◆ **Task details**
Give back every record below word for word, with the pictures omitted.

◆ **Exercise data**
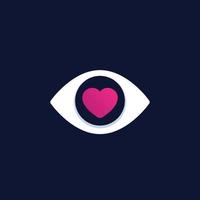 ojo con corazón, vector logo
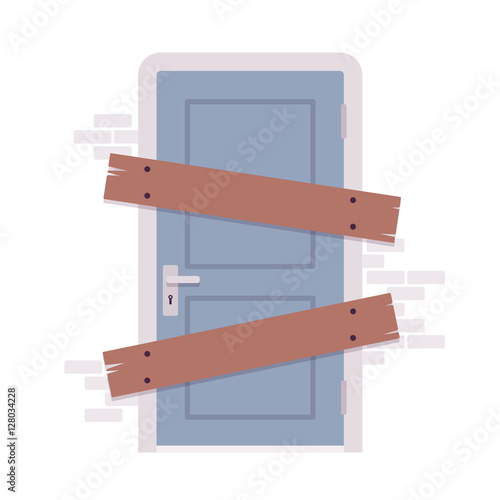 Boarded up door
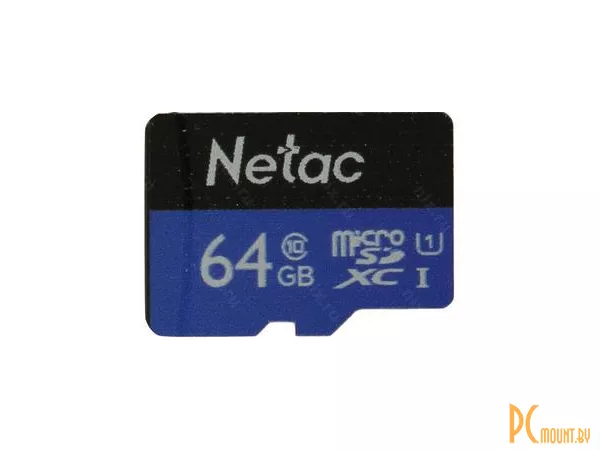 Карта памяти MicroSDXC, 64GB, Сlass 10, UHS-I, U1, Netac NT02P500STN-064G-R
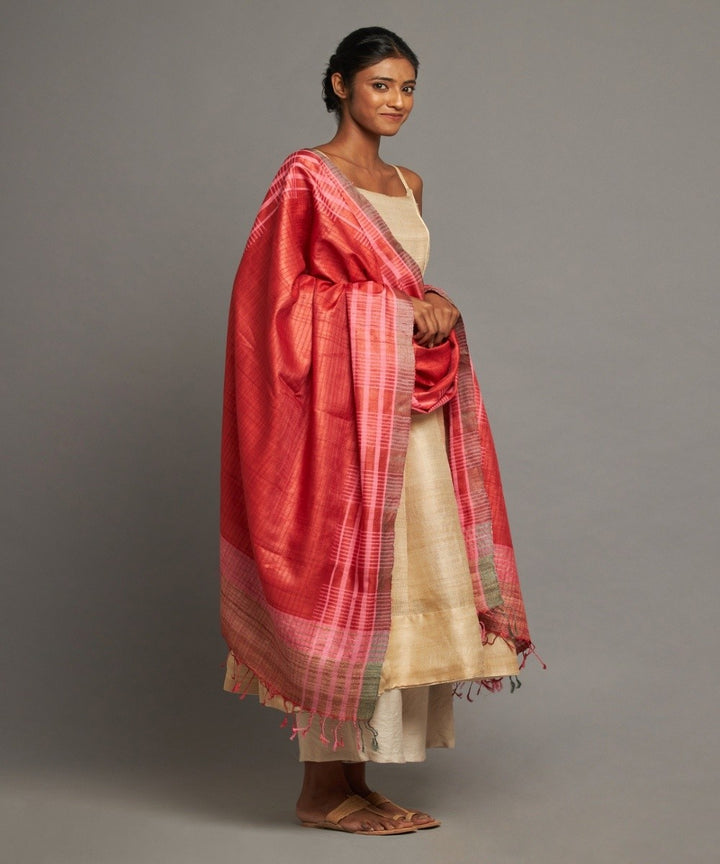 Red tussar silk handloom kosa dupatta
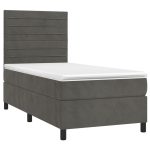 Pat box spring cu saltea, gri închis, 100×200 cm, catifea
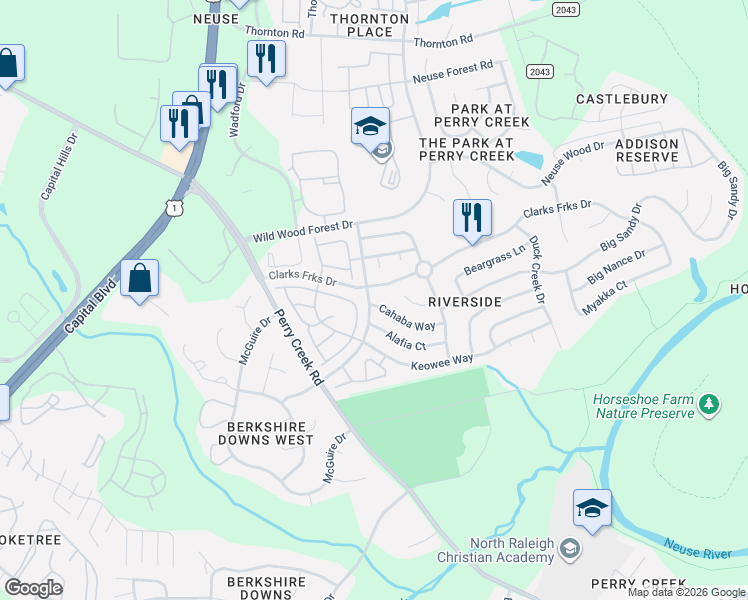 map of restaurants, bars, coffee shops, grocery stores, and more near 5239 Little Sandy Drive in Raleigh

◆ **Worked solution**
 ojo con corazón, vector logo
 Boarded up door
 Карта памяти MicroSDXC, 64GB, Сlass 10, UHS-I, U1, Netac NT02P500STN-064G-R
 Red tussar silk handloom kosa dupatta
 Pat box spring cu saltea, gri închis, 100×200 cm, catifea
 map of restaurants, bars, coffee shops, grocery stores, and more near 5239 Little Sandy Drive in Raleigh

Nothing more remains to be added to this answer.